Na metade da década de 1980, um grupo
internacional de arqueólogos dos Estados Unidos, fazendo escavações
no enorme oásis Dakhleh, no Saara, encontrou, no canto de um andar
acrescentado a uma casa do século IV, dois livros completos: um
manuscrito antigo de três ensaios políticos do filósofo ateniense
Isócrates e um registro de quatro anos de transações financeiras
do administrador de uma propriedade local. Esse livro de
contabilidade é o mais antigo exemplo completo que temos de um
códice, ou volume encadernado, e é muito parecido com nossas
brochuras, exceto pelo fato de ser feito de madeira e não de papel.
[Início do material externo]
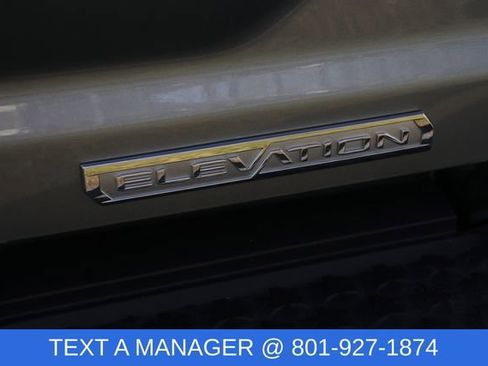 Used 2024 GMC Canyon Elevation w/ Convenience Package image 8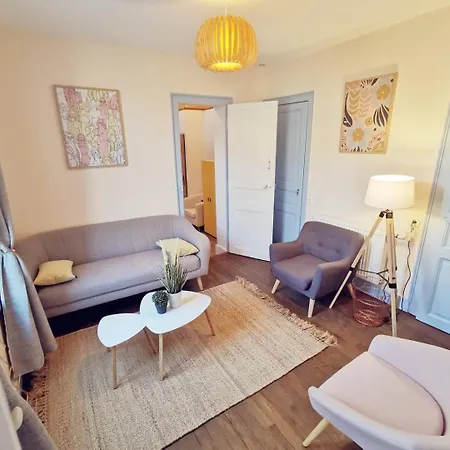 Maison Vanier - Duplex - Centre-ville - Mon Groom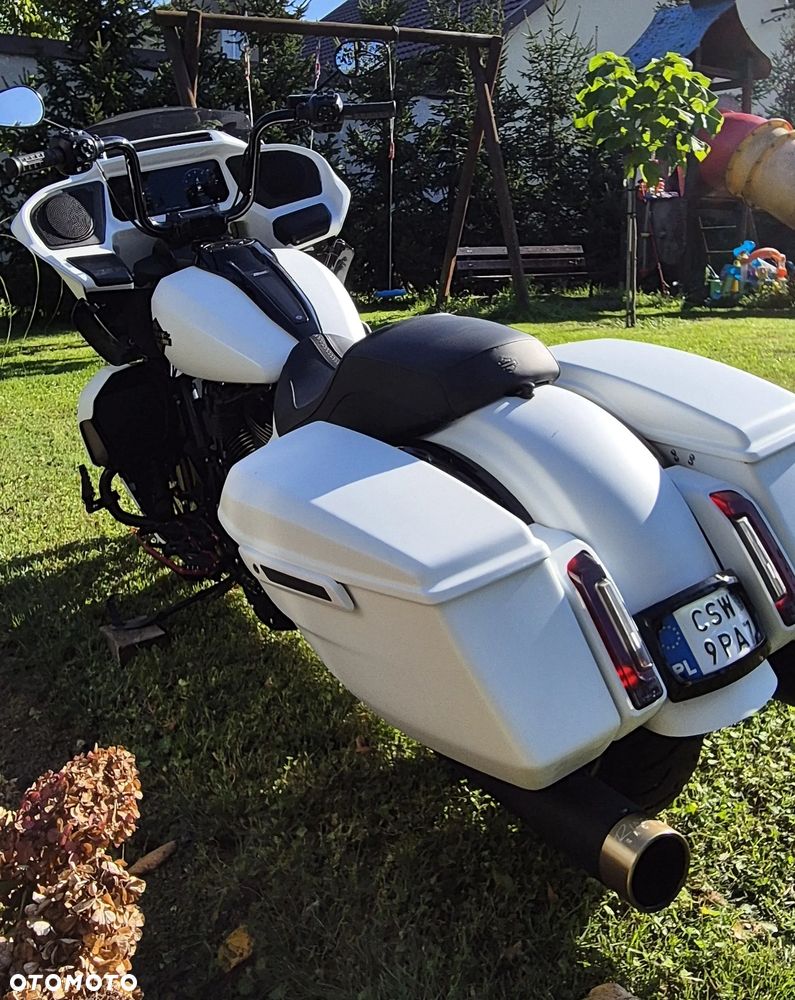 Harley-Davidson Touring Road Glide - 6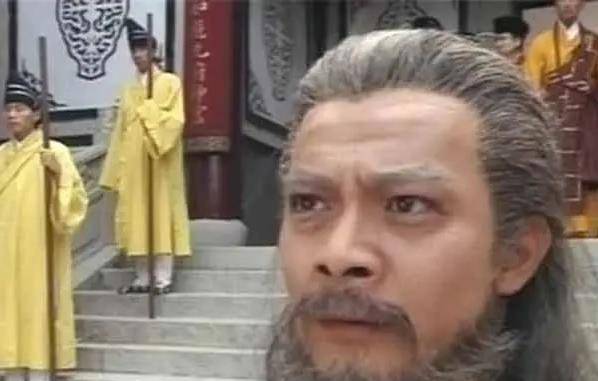 他们一个是乔峰生还的父亲萧远山,一个是慕容复假死的父亲慕容博.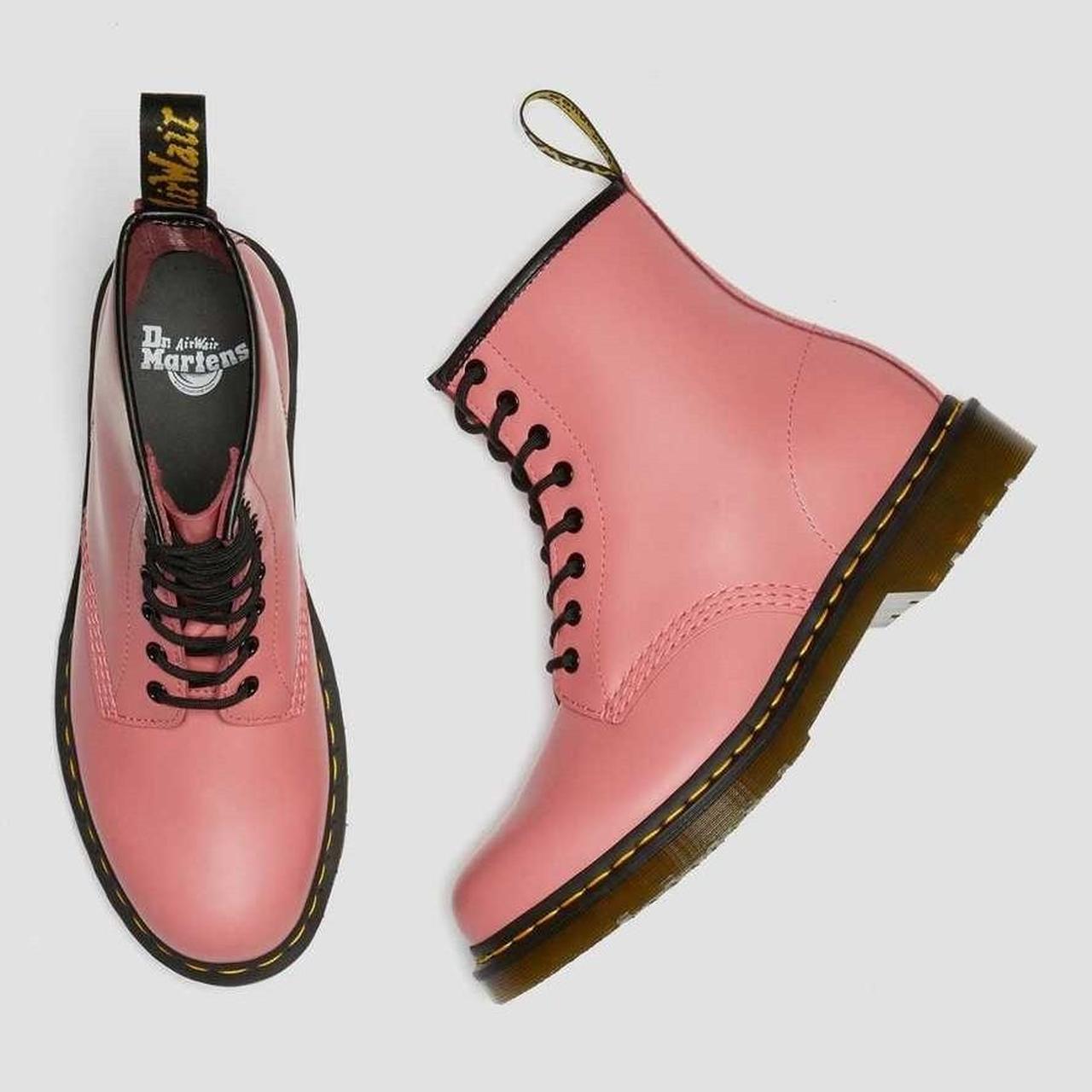 Dr martens outlet acid pink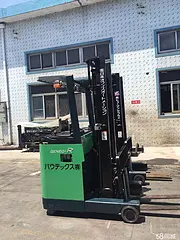 丰田1.5吨前移式电动叉车 货架堆高专用二手叉车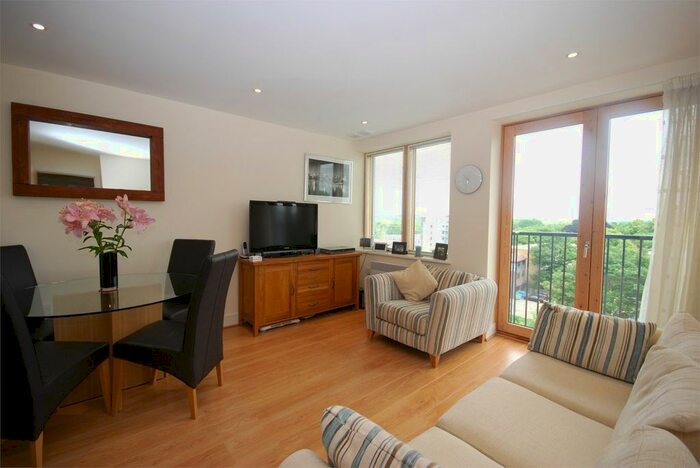 2 Bedroom Flat To Rent In Lait House, Albemarle Road, Beckenham, BR3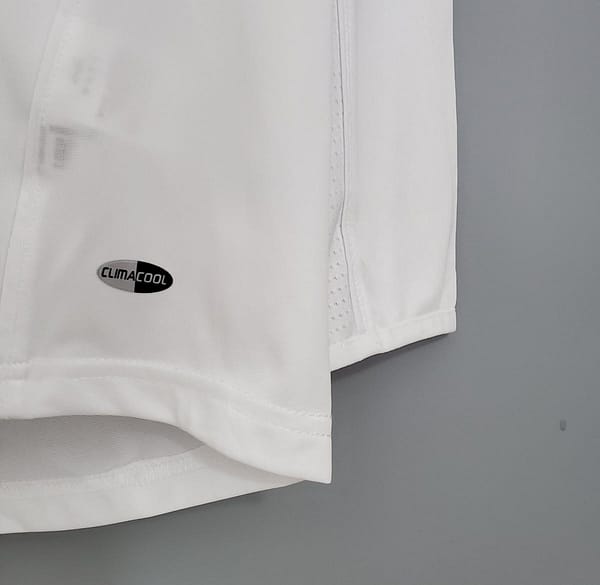 Retro long sleeve Real Madrid 05/06 home Soccer Jersey - Image 5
Cada folha de madeira, de 12,5
centímetros de largura por 33 centímetros de altura e 1,5 milímetro
de espessura, tem quatro furos no lado esquerdo, para serem unidos
por um cordão em volumes de oito folhas. Uma vez que o livro deveria
ser usado durante quatro anos, tinha de ser “robusto, portátil,
fácil de usar e durável”. Com pequenas variações
circunstanciais, essas exigências do leitor anônimo persistem e
concordam com as minhas, dezesseis vertiginosos séculos depois.